E. J. "Jake" Garn, Chairperson
Robert H. Daines
Joel C. Peterson

        THE BOARD OF DIRECTORS UNANIMOUSLY RECOMMENDS THAT THE SHAREHOLDERS VOTE IN FAVOR OF THE PROPOSAL TO RATIFY THE SELECTION OF KPMG LLP AS INDEPENDENT AUDITORS FOR THE COMPANY FOR THE FISCAL YEAR ENDING AUGUST 31, 2004.

OTHER MATTERS

        As of the date of this Proxy Statement, the Board of Directors knows of no other matters to be presented for action at the meeting. However, if any further business should properly come before the meeting, the persons named as proxies in the accompanying form will vote on such business in accordance with their best judgment.

PROPOSALS OF SHAREHOLDERS

        Proposals which shareholders intend to present at the annual meeting of shareholders to be held in calendar 2005 must be received by Val John Christensen, Executive Vice President, Secretary and General Counsel of the Company, at the Company's executive offices (2200 West Parkway Boulevard, Salt Lake City, Utah 84119-2331) no later than August 15, 2004.

ADDITIONAL INFORMATION

        FranklinCovey will provide without charge to any person from whom a Proxy is solicited by the Board of Directors, upon the written request of such person, a copy of the Company's 2003 Annual Report on Form 10-K, including the financial statements and schedules thereto (as well as exhibits thereto, if specifically requested), required to be filed with the Securities and Exchange Commission. Written requests for such information should be directed to Franklin Covey Co., Investor Relations Department, 2200 West Parkway Boulevard, Salt Lake City, Utah 84119-2331, Attn: Mr. Richard Putnam.


APPENDIX A

Franklin Covey Co.
Audit Committee Charter
Adopted November 8, 2002
Duties and Responsibilities of the
Audit Committee

Purpose

The Audit Committee (the "Committee") of the Board of Directors (the "Board") of Franklin Covey Co. (the "Company"), at the direction of the Board, oversees the quality and integrity of the accounting, auditing, and reporting practices of the Company, and such other duties as directed by the Board. The Committee focuses on, among other things, the qualitative aspects of the Company's (a) financial statements, (b) processes to manage business and financial risk, (c) internal audit procedures and performance of the independent auditor, and (d) compliance with legal, ethical, and regulatory requirements. The Committee appoints, determines compensation for, and oversees the independent auditor engaged to prepare or issue audit reports on the financial statements of the Company. The Committee prepares all Committee reports required pursuant to the Securities and Exchange Commission's ("SEC") rules and regulations.

Membership

The Committee shall consist of at least three members appointed by the Board who shall serve until their successors are appointed and qualify.

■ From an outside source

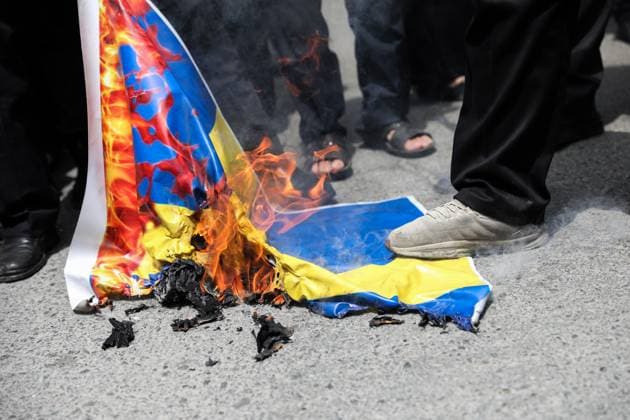 Iran: Demonstrations against the burning of the Quran Iranian demonstrators burn a Swedish flag, during a protest of the burning of a Quran in Sweden, in Tehran, Iran, Friday, July 21, 2023. On Thursday, a man who identified himself in Swedish media as a refugee from Iraq burned a Quran for the second time in central Stockholm. Tehran Tehran Iran Copyright: SobhanxFarajvan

Each member shall be an independent director who is knowledgeable in financial and auditing matters, with at least one member who has expertise in accounting or related financial management. A member shall be deemed "independent" if he or she satisfies the requirements of the New York Stock Exchange (NYSE) and Section 10A of the Securities Exchange Act of 1934, as amended by the Sarbanes-Oxley Act of 2002 (the "Act"). The chairperson of the Committee (the "Chairperson") shall be appointed by the Board pursuant to its bylaws.

Communications/Reporting

The independent auditor shall report directly to the Committee. The Committee shall have unrestricted communication with the independent auditor and the Company's internal auditors and management. The Committee shall meet privately with each of these parties at least annually. The chairperson shall report on Committee activities to the Board at each Board meeting.

Education

The Company shall keep the Committee informed, including providing such educational resources as the Committee or any of its members deems necessary and appropriate, as to accounting principles and procedures, laws, regulations and policies regarding financial reporting and any other accounting topics applicable to the Company.

Authority

The Committee has the authority, without Board approval, to investigate any matter it deems reasonably appropriate, and may, at the Company's expense, retain outside counsel or other experts for this purpose.

Responsibilities

The Audit Committee Responsibilities Checklist set forth below ("Checklist") identifies the specific responsibilities of the Committee. The Checklist will be updated as needed, but at least annually, to reflect changes in regulatory requirements, authoritative guidance, and generally accepted audit committee practices. Each Checklist, when amended, will be deemed an addendum to this Charter.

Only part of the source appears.